***** DATA SHOWN *****

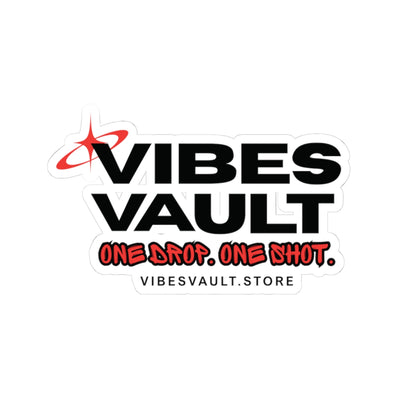 Vibes Vault Logo Sticker with Starburst Kiss-Cut Decal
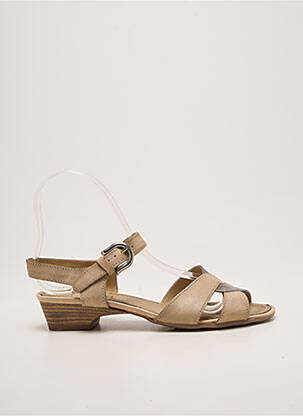 Sandale/pantofi decupați țesătură satinată toc de 4 la 6 cm bej SAMOA femme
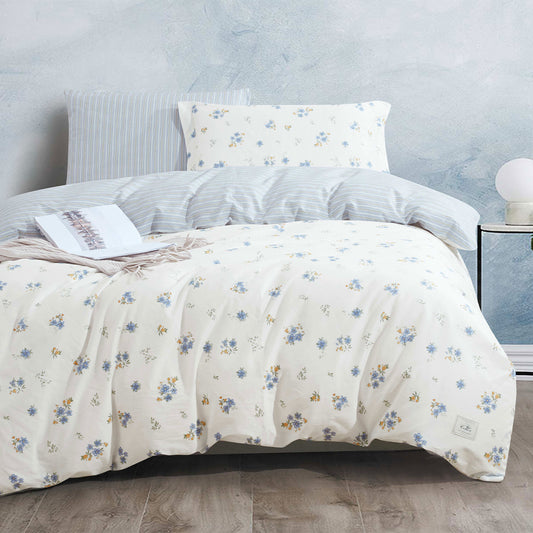 Blue Floral Microfiber Duvet Cover Set with Zipper Closure and Corner Ties | Soft Lightweight Bedding with Flat Sheet, Fitted Sheet, Pillowcases & Shams | Custom Sizes | Modern Country Bedroom Décor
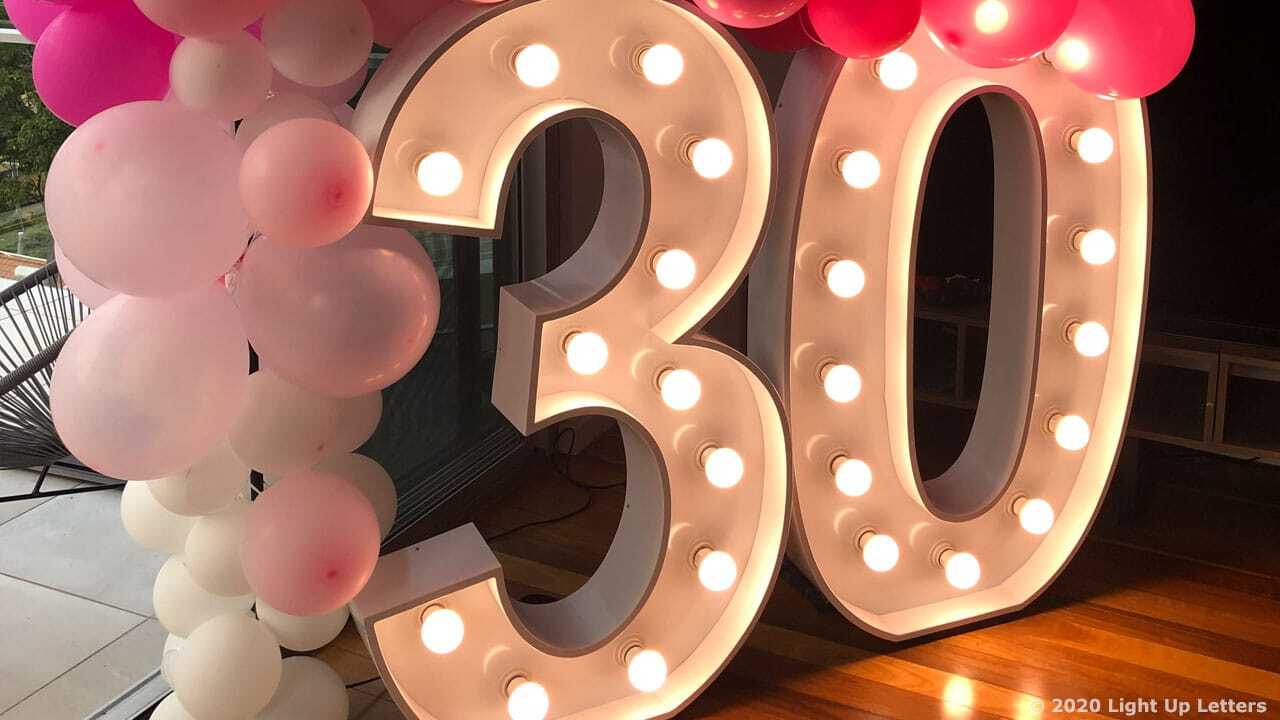 30th Light Up Numbers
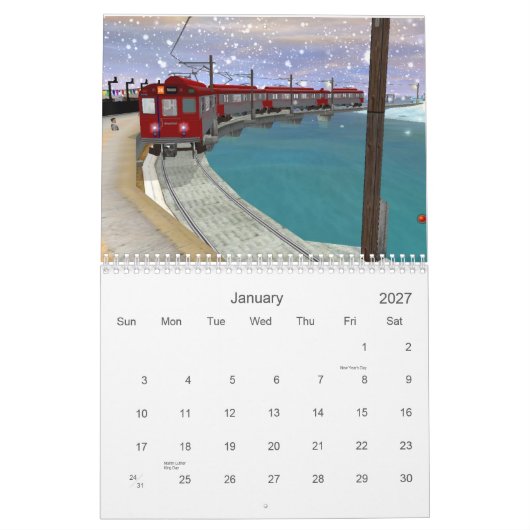 Schienen-Kalender der Metropole-Durchfahrt-2015 Kalender (Jan 2027)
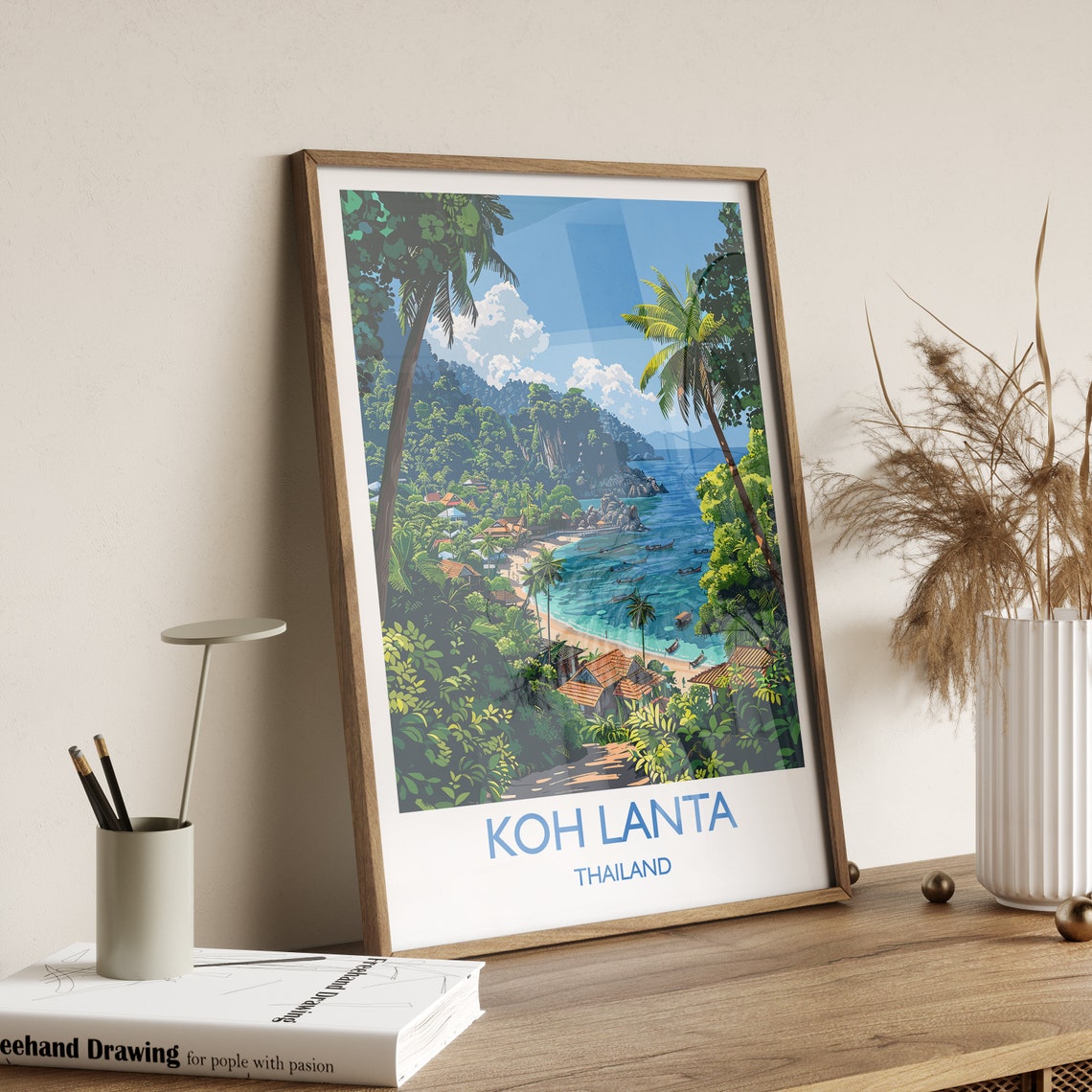 Koh Lanta Travel Print Travel Poster Of Koh Lanta Thailand Koh Lanta Art Lovers Gift Wall Art Print - Image 2
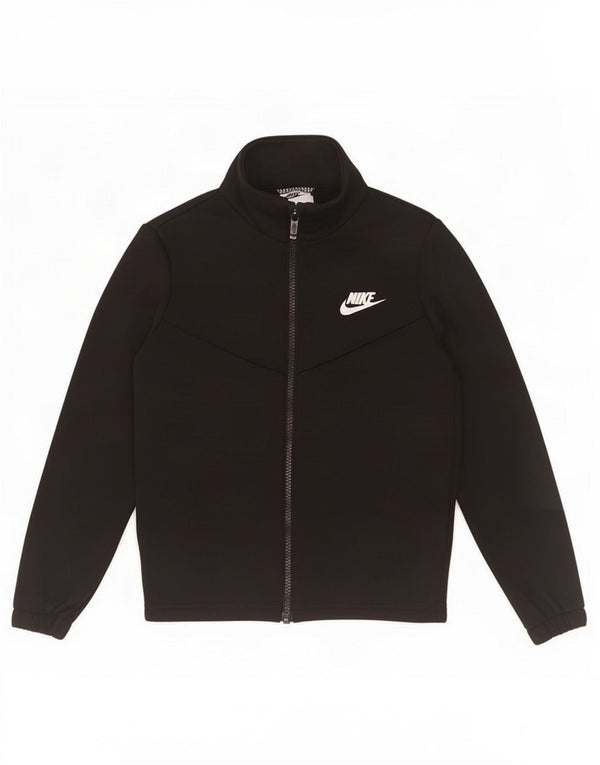 Nike Boys Graphic Tracksuit Top Jacket 8-9 Years Small Black Polyester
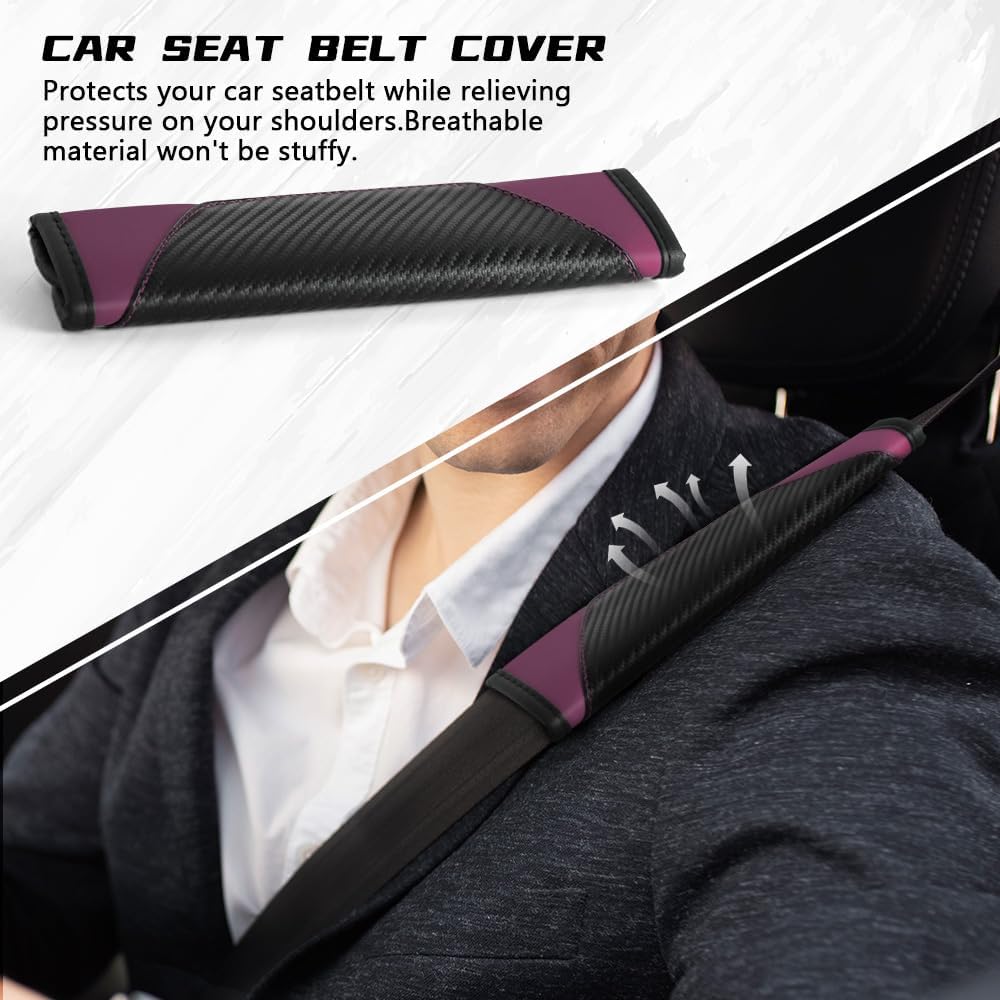 2PCS Car Seat Belt Cover Pad, Soft Carbon Fiber Leather Seatbelt Shoulder Protector for a More Comfortable Driving, Universal Safety Belt Strap Cover to Protect Your Neck (Blue)
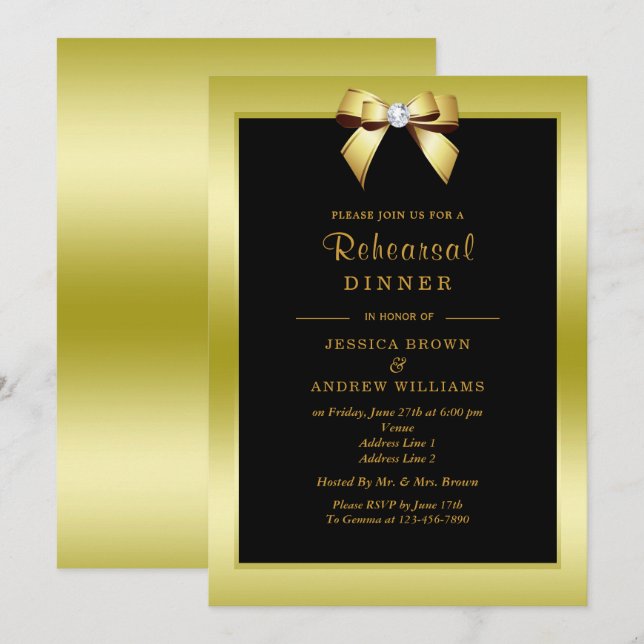 Glam Gold Bow & Black Rehearsal Dinner Invitation (Front/Back)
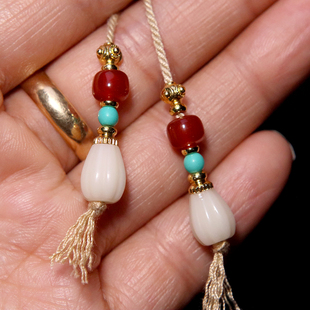 天然南红玛瑙白色雪巴琉璃弟子珠隔珠散珠菩提手串diy文玩配饰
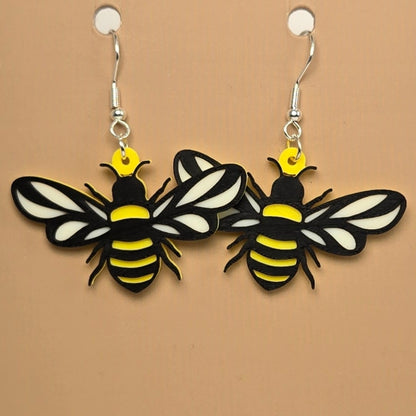 Boucle d'oreille en forme de Abeille avec crochets hypoallergéniques sans nickel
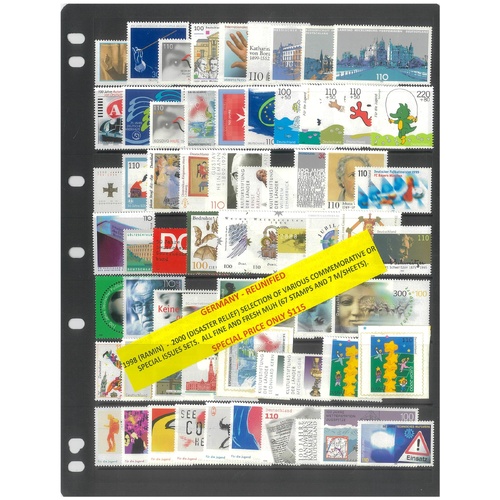 Germany Reunified 1998-2000 Commemorative Sets 67 Stamps & 7 Mini Sheets MUH#290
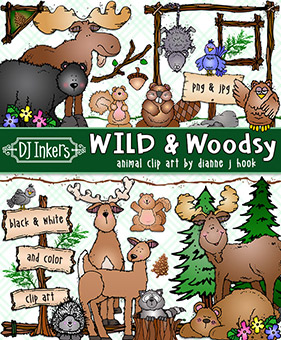 Wild and Woodsy Critters - Animal Clip Art Download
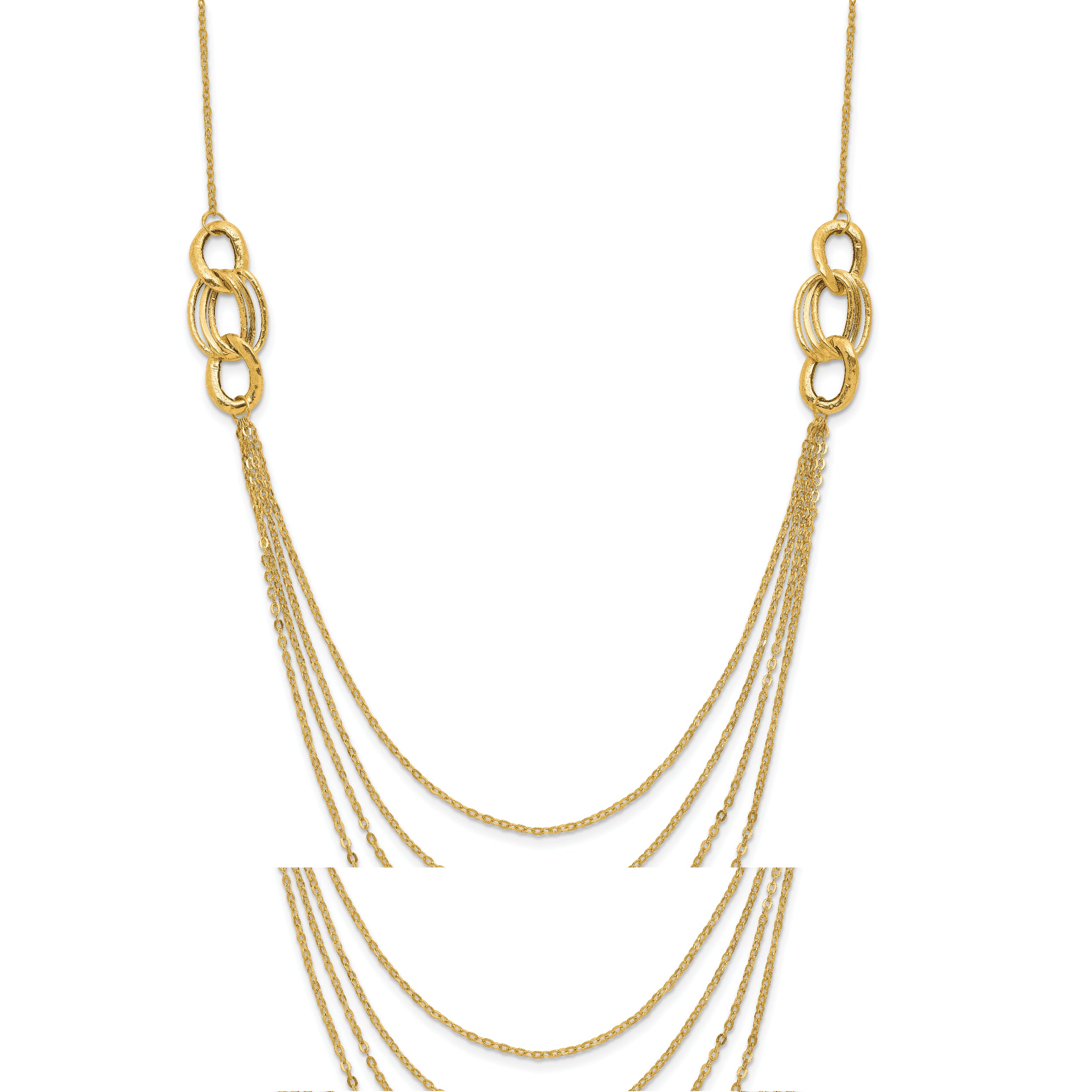 14K Four Layer Rope Chain Necklace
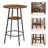 Bistro Table and Chairs Set of 2, 3-Piece Bar Table and Chairs, Small 2-Tier Round Dining Table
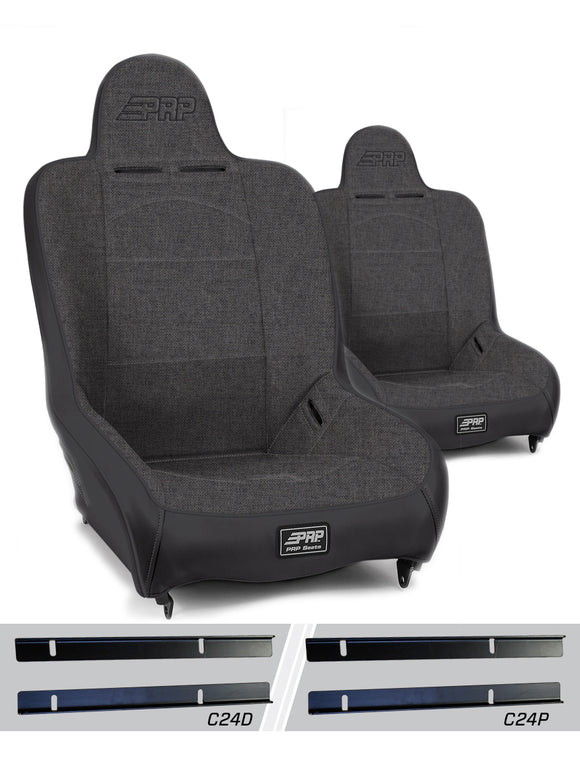 PRP Premier High Back Suspension Seats Kit for 03-06 Jeep Wrangler TJ (Pair) - Gray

*****

DIRECTIONS FOR THIS TASK |
Leave out the pictures and give the rest of the records again exactly.

REPLY |
 Vibes Vault Logo Sticker with Starburst Kiss-Cut Decal
 Sandale/pantofi decupați țesătură satinată toc de 4 la 6 cm bej SAMOA femme
 Blue Floral Microfiber Duvet Cover Set with Zipper Closure and Corner Ties | Soft Lightweight Bedding with Flat Sheet, Fitted Sheet, Pillowcases & Shams | Custom Sizes | Modern Country Bedroom Décor
 30th Light Up Numbers
 Schienen-Kalender der Metropole-Durchfahrt-2015 Kalender (Jan 2027)
 Koh Lanta Travel Print Travel Poster Of Koh Lanta Thailand Koh Lanta Art Lovers Gift Wall Art Print - Image 2
 Nike Boys Graphic Tracksuit Top Jacket 8-9 Years Small Black Polyester
 2PCS Car Seat Belt Cover Pad, Soft Carbon Fiber Leather Seatbelt Shoulder Protector for a More Comfortable Driving, Universal Safety Belt Strap Cover to Protect Your Neck (Blue)
 Glam Gold Bow & Black Rehearsal Dinner Invitation (Front/Back)
 天然南红玛瑙白色雪巴琉璃弟子珠隔珠散珠菩提手串diy文玩配饰
 Boucle d'oreille en forme de Abeille avec crochets hypoallergéniques sans nickel
 Germany Reunified 1998-2000 Commemorative Sets 67 Stamps & 7 Mini Sheets MUH#290
 Wild and Woodsy Critters - Animal Clip Art Download
 14K Four Layer Rope Chain Necklace
 Bistro Table and Chairs Set of 2, 3-Piece Bar Table and Chairs, Small 2-Tier Round Dining Table
 PRP Premier High Back Suspension Seats Kit for 03-06 Jeep Wrangler TJ (Pair) - Gray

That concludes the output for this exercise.